17-10-2006
Carlos M. Padrón
Los hermanos José Antonio y Ramón —de entre 20 y 25 años para la época— y su madre Doña Fina, habitaban en una casa que servía de vivienda a dos familias: la conformada por ellos tres, y la de Julián, apodado El Ñoño y conocido de todos porque al hablar se comía las primeras consonantes de las sílabas iniciales, y si tenía que decir “al correr me caí”, lo que acertaba a decir era “al orrer e aí”.
La separación física de las viviendas, hecha en la mitad del área que alguna vez fue el único y grande dormitorio de una casa solariega original, consistía en un tabique de una solidez y aislamiento sónico tan débil que permitían que del dormitorio de los hijos de Doña Fina pudiera oírse todo sonido hecho en el de El Ñoño, donde éste dormía con su mujer, Bernarda.
El Ñoño y Bernarda eran una pareja dispareja en cuanto a la diferencia de estatura, pero su mayor diferencia —a decir de Ramón y José Antonio, y de los vecinos a quienes El Ñoño había confiado sus cuitas conyugales— radicaba en el apetito sexual, pues El Ñoño era un insaciable semental, mientras que Bernarda pocas veces correspondía a los requerimiento amorosos de su marido, pues cuando no le dolía la cabeza, estaba haciendo la digestión, tenía la regla, estaba muy cansada, etc., pretextos todos que recitaba en la cama con retintín de fastidio,… y para regocijo de los dos hermanos que escuchaban todo desde el otro lado del endeble tabique.
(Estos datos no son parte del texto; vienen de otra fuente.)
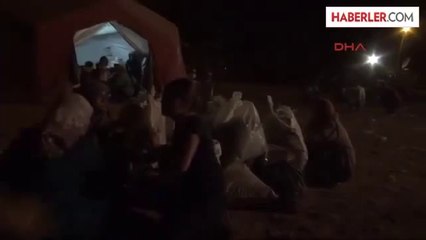 Suriye Tarafından Açılan Ateş Tedirginliğe Yol Açtı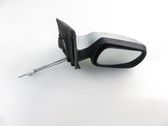 Manual wing mirror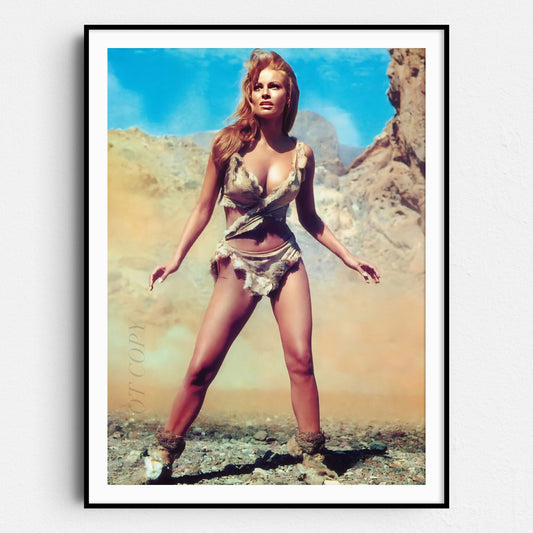 Raquel Welch One Million Years BC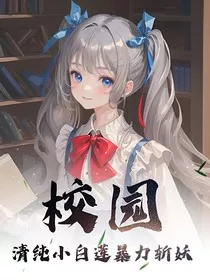 校园快穿，清纯小白莲暴力斩妖" width="120" height="150"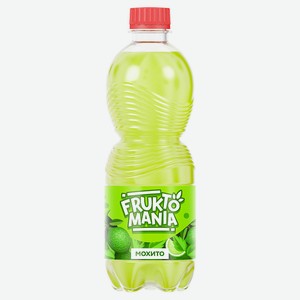 Напиток газированный Fruktomania Мохито, 500 мл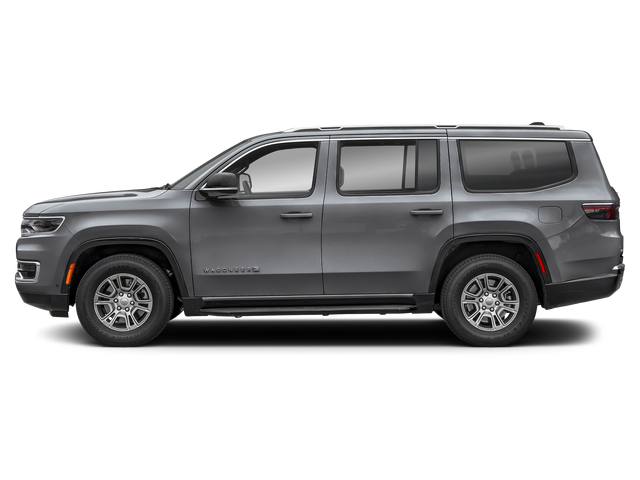 2025 Jeep Wagoneer Series II Carbide
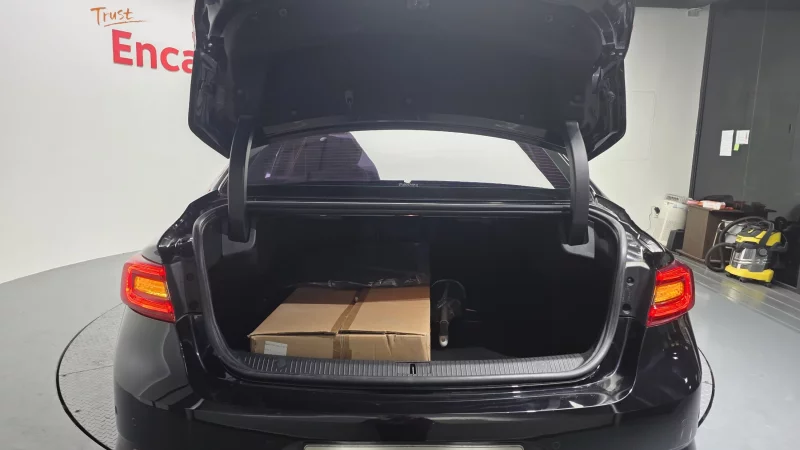 Renault Samsung SM6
Pero, según contaron éstos con lujo de detalles y ratificó El Ñoño en sus confidencias a los vecinos, como El Ñoño era persistente en sus deseos de sexo —que expresaba en voz alta cuando en la noche se metía en la cama con Bernarda— ésta, para protegerse de las eróticas embestidas de El Ñoño, además de la retahíla verbal de pretextos, adoptó la costumbre de darle la espalda y encogerse como una rosca, llevando sus rodillas casi hasta tocar su boca.
Una noche en que los numerosos y más que audibles requerimientos verbales de El Ñoño no paraban, Bernarda optó por adoptar esa posición, y ya más que frustrado por tan impenetrable postura, El Ñoño le gritó:
—¡¡¡Enerézate, Ernarda, e areces el arco e la ira!!! (= “Enderézate, Bernarda, que pareces el arco iris”),
pues para El Ñoño el tal arco se llamaba ‘arco de la ira’ y no arco iris. Con el humor que el pobre tendría, hasta se entiende el cambio de nombre.

Sobre el Ñoño recuerdo el chiste de Moisés Cova de otro «ñoño» que fue a la farmacia en busca de sal de fruta y al preguntarle el mancebo si lo queria ENO (refiriendose a la marca comercial) el Ñoño le contestó laro o a a er acio.